Six photographers. One man. Six stories. Six perspectives.
This experiment by Canon used a single subject photographed by six different photographers in six different sessions. Each photographer was told a fake bio of their subject. One photographer thought he was shooting a millionaire, one thought a commercial fisherman, one thought a psychic, another a convict, another a man who had saved someone’s life, and another was told the subject was a former alcoholic.
In each case Michael, or Mike, dressed exactly the same, though he did carry himself differently to play the role.
Canon’s point is “A photograph is shaped more by the person behind the camera than by what is in front of it.”
Watching, I could not help but think of how followers of Jesus view people we do not know, or know only by the story we know. How do we respond to the millionaire, compared to the commercial fisherman? To the psychic, compared to the former alcoholic? To the lifesaver, compared to the former inmate? How often to we react to outward appearance, rather than the whole being? Our reactions typically say much more about us than the person with whom we are interacting.

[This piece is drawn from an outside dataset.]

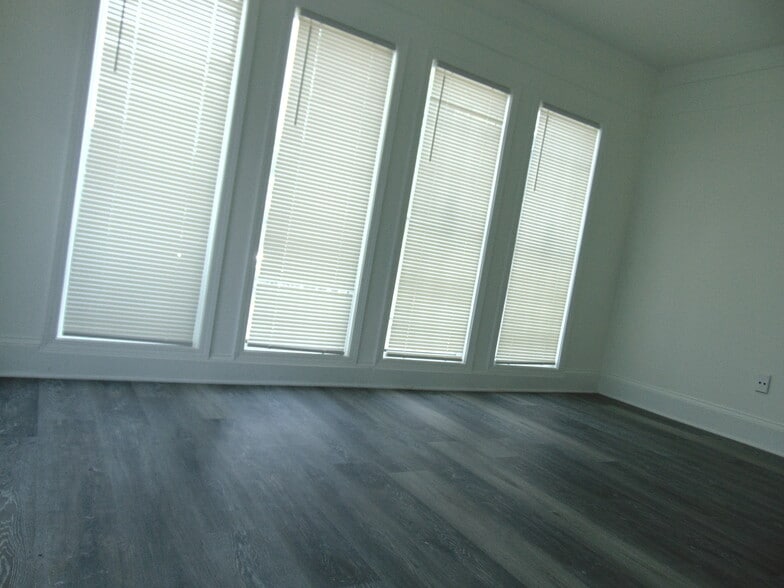 More Photos Of 6277 Memorial Dr, Stone Mountain Medical For Sale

When a person we don’t know enters the Sunday gathering, how much of our interaction is the result of how we frame the subject? Are we eager or hesitant to interact based on how the person in dressed, how they look physically, how they carry themselves, or based on a snippet of gossip passed along from someone in the lobby?
Perhaps unintentionally, Canon’s short video overflows with spiritual meaning. Every church would benefit from watching it.